Why Getting a COVID-19 Vaccine to Children Could Take Time

Brenda Goodman

June 14, 2021

Editor's note: Find the latest COVID-19 news and guidance in Medscape's Coronavirus Resource Center.

Testing COVID-19 vaccines in young children is going to be tricky. Deciding how to approve them and who should get them may be even more difficult.

So far, the vaccines available to Americans ages 12 and up have sailed through the US Food and Drug Administration's (FDA) regulatory checks, taking advantage of an accelerated clearance process called an Emergency Use Authorization (EUA). 

EUAs set a lower bar for effectiveness, saying the vaccines may be safe and effective based on just a few months of data. 
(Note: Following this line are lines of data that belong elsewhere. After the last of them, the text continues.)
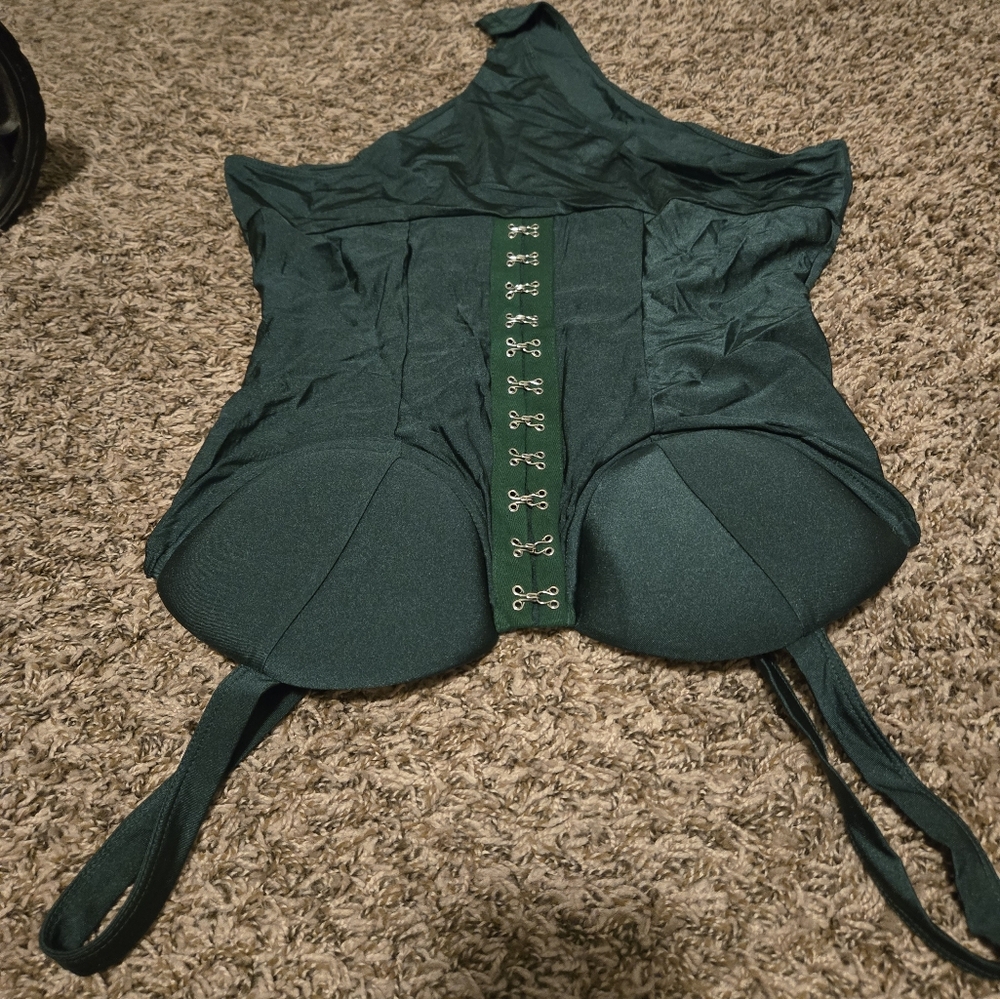 XL Green body suit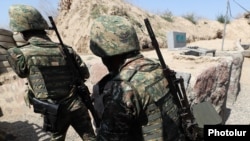 Armenia - Armenian soldiers take up positions on the border with Azerbaijan, August 2, 2022.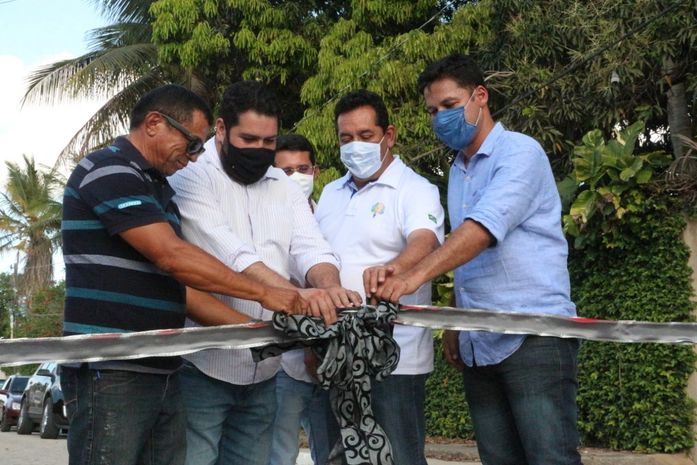Inaugurações de ruas pavimentadas levam dignidade a moradores do bairro Itapoã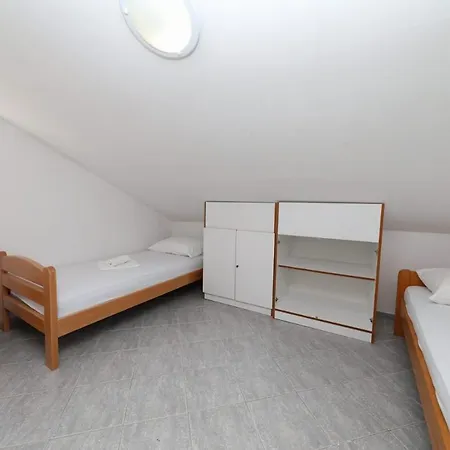 Appartamento Seaside With A Swimming Pool Okrug Donji, Ciovo - 5244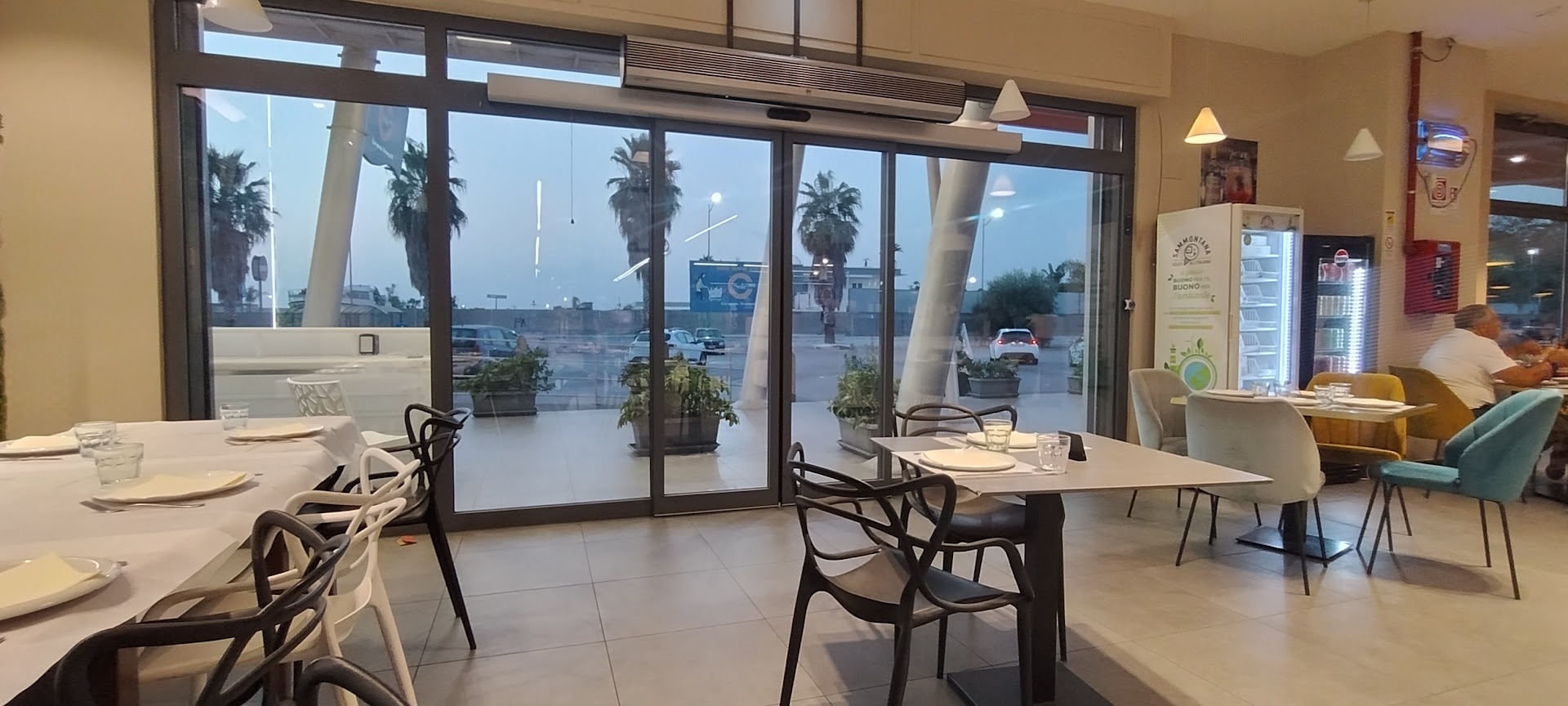 La Bella Mbriana Volla Ristorante e pizzeria, ideale per famiglie e compleanni. Pizza napoletana, fritti, qualità e comfort.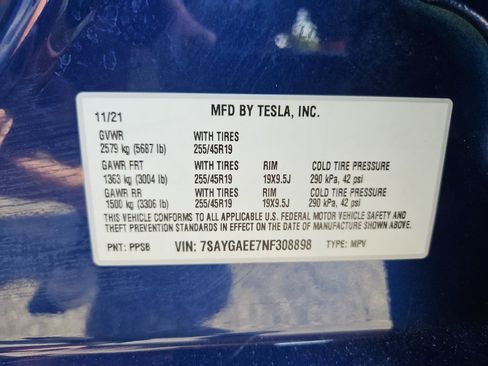 Used 2022 Tesla Model Y Long Range AWD/4WD image 28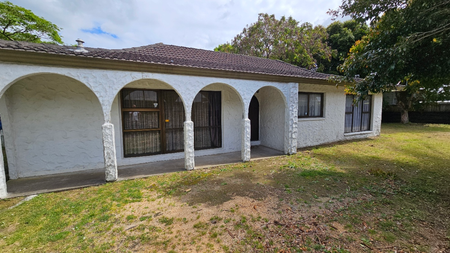 Beautiful Family Home - Ready to Move In Now!! - Photo 5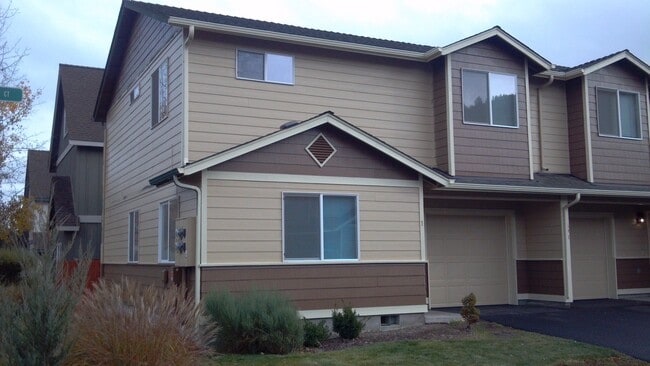 Building Photo - 3-Bedroom Townhouse in The Pines at Pilot Butte Community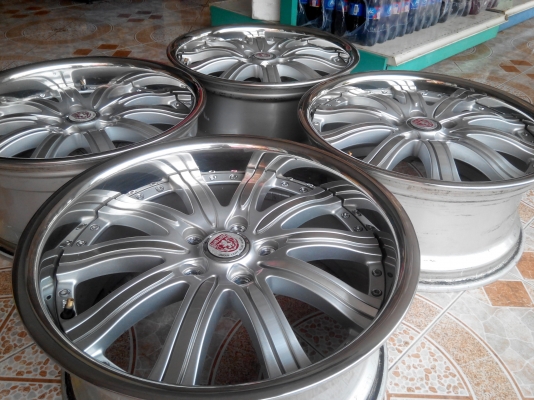 VIP 18-5-114กว้าง8" หน้าตื้น ออฟ45 หลังลึกออฟ40ขอบเลส สีเดิมๆมีรอยนิดเดียว โดยรวมแล้วสวยเลยครับท่านใดหาอยู่ไม่ผิดหวัง ไม่มีซ่อม ขาย7900 โทรเลย 0898128457 ดูของได้ที่ คลอง2 คลองหลวง ซ.บงกช11 https://www.facebook.com/profile.php?id=100006231031308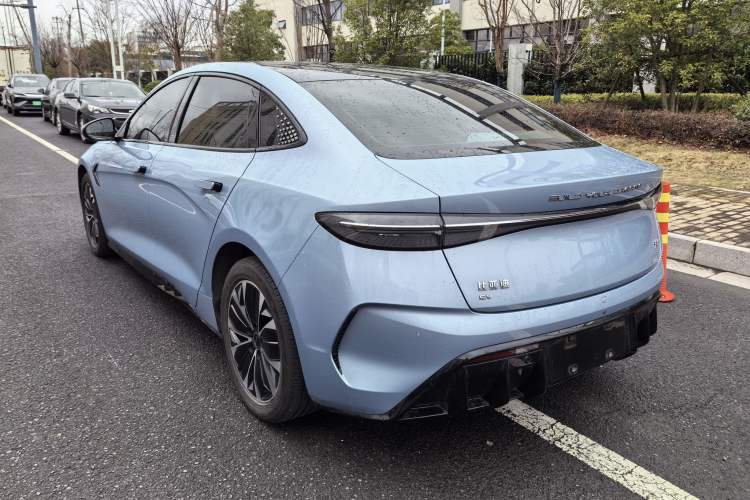 Used BYD Seal 2022 550 km Standard Range Rear-Wheel Drive Prestige Version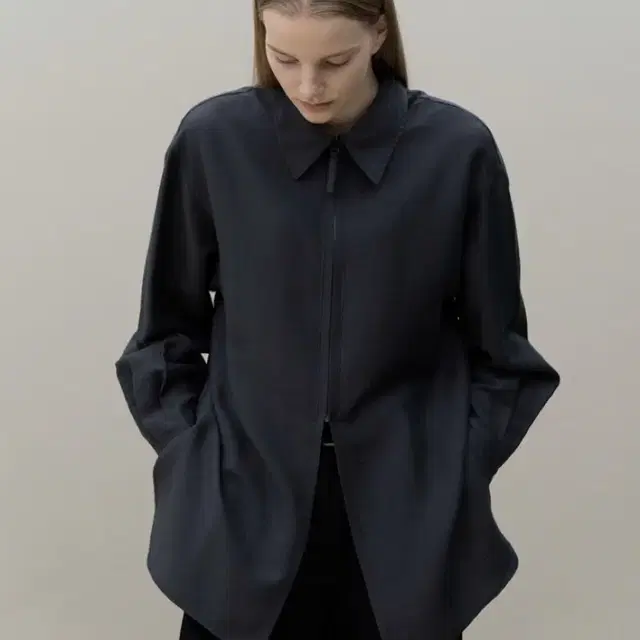 쎄르토 certo silky zip up blouse (charcoal)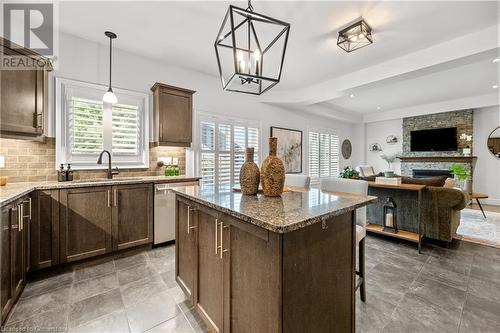 20 Blackburn Lane, Hamilton, ON - Indoor Photo Showing Kitchen With Upgraded Kitchen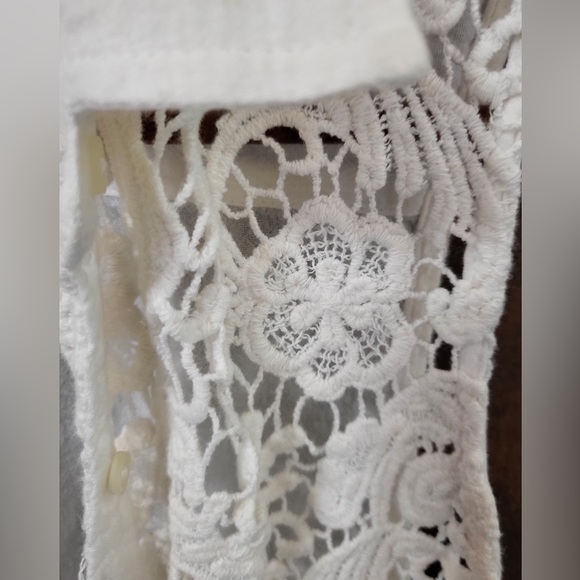Abercrombie White Lace Blouse Size XS - Picture 2 of 3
But with COVID cases plummeting in the United States and children historically seeing far less serious disease than adults, a panel of expert advisors to the FDA was asked to deliberate on Thursday whether the agency could consider vaccines for this age group under the same standard. 

Stated another way: Is COVID an emergency for kids? 

There's another wrinkle in the mix, too — heart inflammation, which appears to be a very rare emerging adverse event tied to vaccination. It seems to happen more often in teens and young adults. To date, cases of myocarditis and pericarditis appear to be happening in 16 to 30 people for every 1 million doses given.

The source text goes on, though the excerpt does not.